The direct costs of employee absence to the economy are estimated at over £14bn per year – and the CBI’s latest absence survey found that the average total cost to business for each absent employee is £975.
These figures would be higher still if productivity lost due to “presenteeism” – staff attending work despite being unwell – was included as well. The Centre for Mental Health calculates that presenteeism based on psychological health problems alone costs the UK economy £15.1bn a year.
The total public sector expenditure on incapacity, disability and injury benefits in 2012-13 was over £36bn, with Employment and Support Allowance, formerly Incapacity Benefit, being claimed by 2.47m people last year.
A CBI report – ‘Getting Better: Workplace health as a business issue’ – published earlier this month, in conjunction with health insurers Medicash, outlined how businesses can improve the wellbeing of their staff and provided a practical toolkit to support firms, based on the experience of CBI members to date.

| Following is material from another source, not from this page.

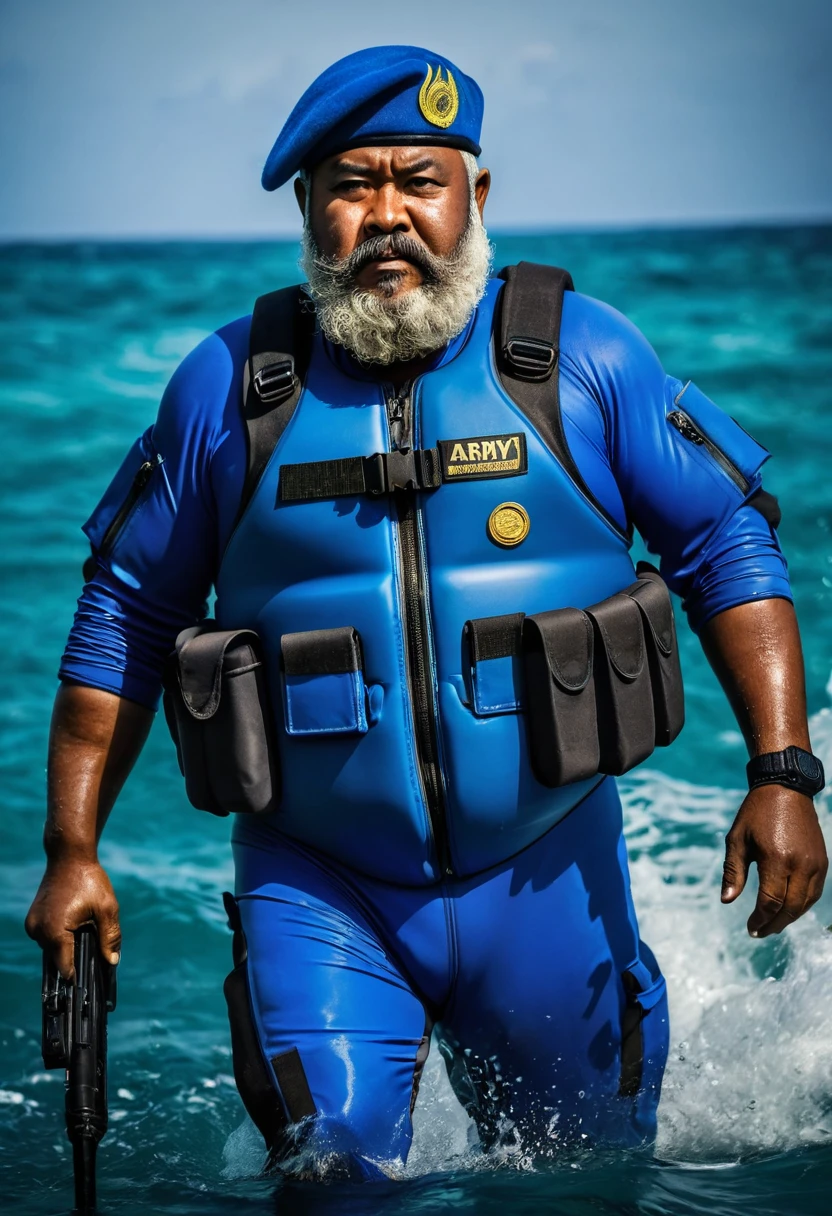 (a dark-skinned bearded fat chubby old man in a bulky blue zipper diver suit) patrolling in the sea, carrying a gun and (wearing army beret), muscular, Basuki Abdullah, sumatraism, action-packed atmosphere, a character portrait, heroic, fierce expression, angry, dramatic shadows and intense highlights, cinematic color tones, high detail, professional, best quality image, angry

There has been a welcome downward trend in the number of fatal and non-fatal accidents at work since 2000, it said, but health and wellbeing remains an area where there is more that can be done.
The CBI’s 2013 absence survey showed that the average rate of absence in 2012 was 5.3 days per employee – down from 6.5 days in 2010, but it found a gap of more than three days a year between the best performing quartile of organisations and the worst performers. To see progress, businesses have much to gain from placing the same emphasis on workplace health as they already do on workplace safety, it argued.

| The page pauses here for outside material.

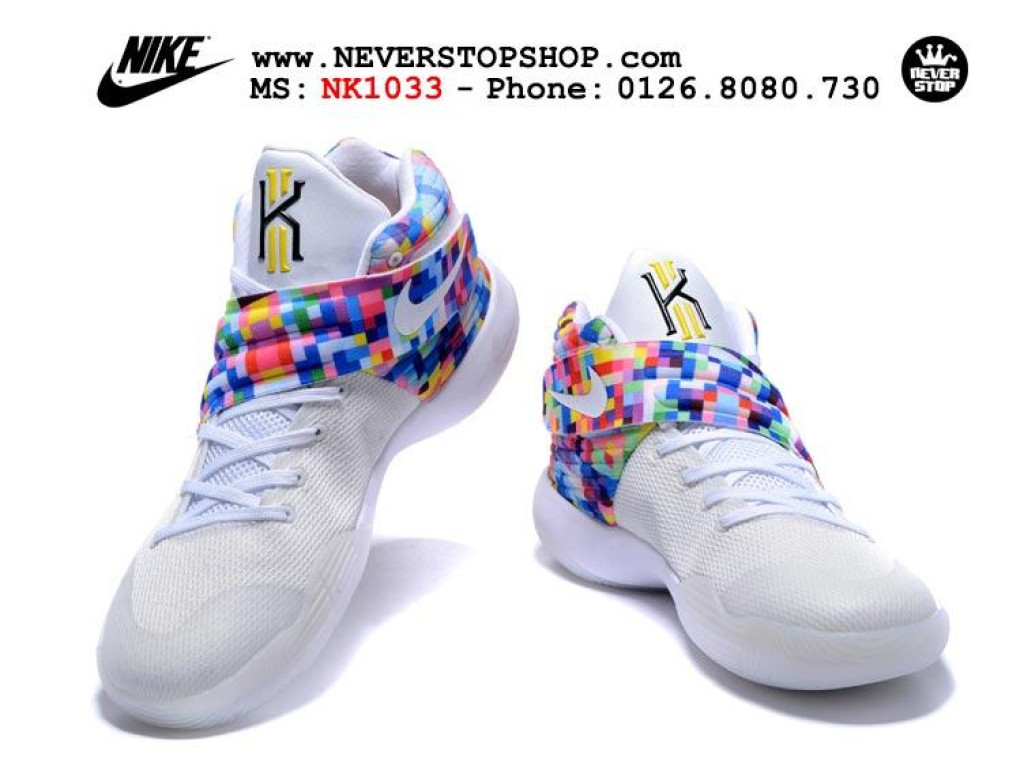 Giày Nike Kyrie 2 Multicolor White nam nữ hàng chuẩn sfake replica 1:1 real chính hãng giá rẻ tốt nhất tại NeverStopShop.com HCM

In the past, organisations have approached health and wellbeing at work with caution: “It is difficult to quantify the highly subjective area of employee ‘wellbeing’ and, without a generally accepted framework, firms have found it hard to demonstrate tangible benefits or a return on investments made.”

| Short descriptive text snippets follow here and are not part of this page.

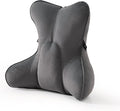 Ailuteie Lumbar Support Pillow(Pat. Pend) – Ergonomic Multi-Zone Back Cushion for Lower Back Pain Relief, Ideal for Office Chair, Car Seat & Home Reading,Steel Gray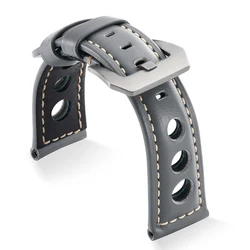 Vintage - Style Genuine Leather Watch Strap in Black, Blue, and Brown - Men's and Women's Wristband Bracelet - 26mm (Gray - Silver)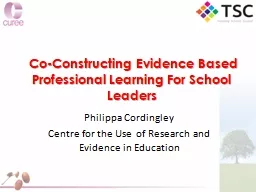 Co-Constructing Evidence Based Professional Learning For School Leaders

The report noted that the challenge is made all the greater by the impact of lifestyle choices and home life on the health of employees, an area which is beyond the control of a business. In some cases, the time-lag between factors contributing to ill health and the onset of a visible health condition can be years. This ‘storing-up’ means that critical opportunities to intervene early have often been missed by business.
In the modern workplace, it said, leading companies are taking stock of key physical and psychological risk factors and staying ahead of the curve by tackling these trends head on as they become all the more evident. In the context of a changing workforce and rapidly evolving workplaces, it identified three emerging issues that particularly demand action:
- Businesses need to recognise mental wellbeing as a widespread issue in desperate need of attention;
- As public health issues are filtering into the workplace, businesses must place increased focus on the physical health of employees;
- The impact of technological developments on musculo-skeletal disorders requires swift solutions to manage persistent problems.
Neil Carberry, CBI director for employment and skills, said: “Having healthy staff is an essential part of running a healthy business. Investing in the wellbeing of employees is not only the right thing to do, it has real business benefits.
“It’s time for businesses and government to work hand-in-hand to move from a reactive to proactive approach on health and wellbeing in the workplace. Encouraging investment that gets people back to work sooner, with less of a burden on the NHS, is in everybody’s interest.”
Sue Weir, chief executive of Medicash, said: “Developing and implementing a targeted healthcare strategy can help business avoid costly absenteeism and ensure their workforce is a happy, healthy and committed one.
“That’s why more and more businesses looking to increase output and maximise business performance are putting into place robust health and wellbeing strategies. Offering a health and wellbeing package is an affordable and beneficial means of doing this and of attracting, motivating, rewarding and retaining staff.”
Research by the Health Work and Wellbeing Executive into a number of organisations provided cost savings’ estimates attributable to reduced sickness absence.
A car manufacturer estimated gross cost savings of £11m owing to a one percentage point reduction in absenteeism rates over a three-year period. A manufacturing company estimated costs associated with short-term injury sickness absence were cut from £130,000 to almost zero. And a university estimated the cost saving associated with reduced sickness absence as £165,000 over a four-year period, owing to a reduction of total sickness days of around 350 days a year.
The CBI said that key actions which businesses can take to improve employee health include developing joined-up health and wellbeing programmes which factor in emerging public health trends; taking a proactive and preventative approach to health and wellbeing to influence employee behaviour; equipping managers with the knowledge and support to handle health conditions as swiftly as possible; and ensuring robust systems are in place to effectively manage absence and the return to work.
The organisation urged the Government to support businesses doing this by promoting the new Health and Work Service, and ensuring it’s the default option for employees absent from the workplace for four weeks or more; using tax relief and incentives to encourage employer-funded interventions into health conditions at earlier points; promoting the benefits of flexible working as a route to helping absent employees back into the workplace; and continuing to raise awareness of key public health issues.